I've always had this problem with pornography ever since I was...I think maybe 8-10 I don't remember.

My personal life well... Pretty good...I guess.
I've always been christian. Born again. Accepted Jesus as my savior. Been baptized. Use to go the church every weekend.

I have a mother and father that love me just not with each other.
Yeah..well they fight through my childhood and still do but I personally don't believe it's the reason of my addiction. I was always a loner at school and delt with a lot of depression at the age of 6!! Kids would make racist comments because of my skin color. I was always stressed and I found porn and masturbating as a good stress reliever.

My whole addiction began when I borrowed my dad's computer. Out curiosity I went and checked out what was inside his computer. It had hundreds of picture of naked women. I was scared at first and close the window immediatly. I was really little at the time so I had no idea what it was.

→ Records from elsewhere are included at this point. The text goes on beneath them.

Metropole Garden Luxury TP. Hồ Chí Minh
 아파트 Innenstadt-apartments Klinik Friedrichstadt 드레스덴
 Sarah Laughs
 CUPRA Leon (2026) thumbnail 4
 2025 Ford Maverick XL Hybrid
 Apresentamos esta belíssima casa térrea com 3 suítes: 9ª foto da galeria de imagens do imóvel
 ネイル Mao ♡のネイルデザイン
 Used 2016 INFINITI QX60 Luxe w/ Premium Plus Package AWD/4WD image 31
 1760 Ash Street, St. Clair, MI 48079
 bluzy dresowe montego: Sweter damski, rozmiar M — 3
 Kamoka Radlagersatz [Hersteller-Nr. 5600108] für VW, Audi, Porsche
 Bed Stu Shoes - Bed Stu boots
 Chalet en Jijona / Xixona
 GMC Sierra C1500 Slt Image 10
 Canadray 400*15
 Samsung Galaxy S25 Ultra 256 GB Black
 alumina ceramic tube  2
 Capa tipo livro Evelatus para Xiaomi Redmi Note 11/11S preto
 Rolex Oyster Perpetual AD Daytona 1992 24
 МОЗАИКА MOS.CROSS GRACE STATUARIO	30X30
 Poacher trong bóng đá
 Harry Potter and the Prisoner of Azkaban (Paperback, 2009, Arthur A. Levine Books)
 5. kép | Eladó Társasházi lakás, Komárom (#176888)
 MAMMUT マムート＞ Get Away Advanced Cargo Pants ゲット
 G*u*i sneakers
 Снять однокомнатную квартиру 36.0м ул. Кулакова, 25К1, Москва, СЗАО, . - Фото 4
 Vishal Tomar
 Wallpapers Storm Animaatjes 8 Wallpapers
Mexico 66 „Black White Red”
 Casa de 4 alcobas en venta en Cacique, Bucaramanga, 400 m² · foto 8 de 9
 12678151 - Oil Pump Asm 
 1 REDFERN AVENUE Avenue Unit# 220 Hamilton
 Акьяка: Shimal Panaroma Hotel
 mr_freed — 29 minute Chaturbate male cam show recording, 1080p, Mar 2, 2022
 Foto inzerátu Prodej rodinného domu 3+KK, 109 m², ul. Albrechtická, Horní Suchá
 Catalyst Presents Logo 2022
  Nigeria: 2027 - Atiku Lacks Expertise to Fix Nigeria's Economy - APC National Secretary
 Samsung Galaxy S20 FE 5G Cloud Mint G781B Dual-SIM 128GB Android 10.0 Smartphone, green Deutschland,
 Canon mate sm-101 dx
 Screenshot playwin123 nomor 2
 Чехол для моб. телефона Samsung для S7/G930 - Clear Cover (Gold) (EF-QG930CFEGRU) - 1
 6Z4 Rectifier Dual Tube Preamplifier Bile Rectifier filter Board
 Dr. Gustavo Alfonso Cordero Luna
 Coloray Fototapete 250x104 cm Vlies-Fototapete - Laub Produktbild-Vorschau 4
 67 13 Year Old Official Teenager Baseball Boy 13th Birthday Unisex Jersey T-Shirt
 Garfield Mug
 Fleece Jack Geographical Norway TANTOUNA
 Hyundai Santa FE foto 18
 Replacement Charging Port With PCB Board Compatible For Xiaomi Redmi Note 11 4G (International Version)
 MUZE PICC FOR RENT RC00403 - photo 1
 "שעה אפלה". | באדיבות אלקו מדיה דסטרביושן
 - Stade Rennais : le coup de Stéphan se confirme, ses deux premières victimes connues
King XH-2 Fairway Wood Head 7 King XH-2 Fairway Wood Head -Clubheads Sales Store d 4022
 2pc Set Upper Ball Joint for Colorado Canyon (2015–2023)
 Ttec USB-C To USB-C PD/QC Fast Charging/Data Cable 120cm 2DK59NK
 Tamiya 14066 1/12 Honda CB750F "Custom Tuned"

I looked at it again and again again and finally I got addicted to it. When my mom was asleep and my dad was at work (he works at night) I would go in my dad's computer and look at porn the Internet. Eventually my dad look at my Internet history and found out that I was looking at porn. But when my parents knew and I felt ashamed but they didn't do anything about it. At the time I didn't know that porn was a bad thing. year and years of watching porn and I had no idea.

Until..out of no where I searched in the web if porn was a "bad thing" and out of shock I finally realized it was a sin. I promised to myself that I would never watch porn again.

About two or three years later I thought I was finally porn-free well...I started to watch porn again.

I started to have weird fazes.
First I started to watch straight porn then when I got bored of that I started to watch, lesbian, then hentai, then gay porn, then bondage, then...well pretty much everything.

When I finally got my own computer at the age of 12 I had all the freedom to watch porn then it started to become a very unhealthy addiction. I'd masturbate 3 times a day and spend a whole night watching porn. It was like alcohol to an alcoholic. It was a total stress reliever. I've always had stress then and I still do. Once I had my orgasm I felt like all my stress went away. Even when I knew it was wrong I just had to have it.

I'd even try to make up excuses that porn or masturbating it NOT wrong. It's like having an angel in your right ear and having the devil in the other. Then I get stressed for being stressed. Even when I pray I still get the urge to watch porn.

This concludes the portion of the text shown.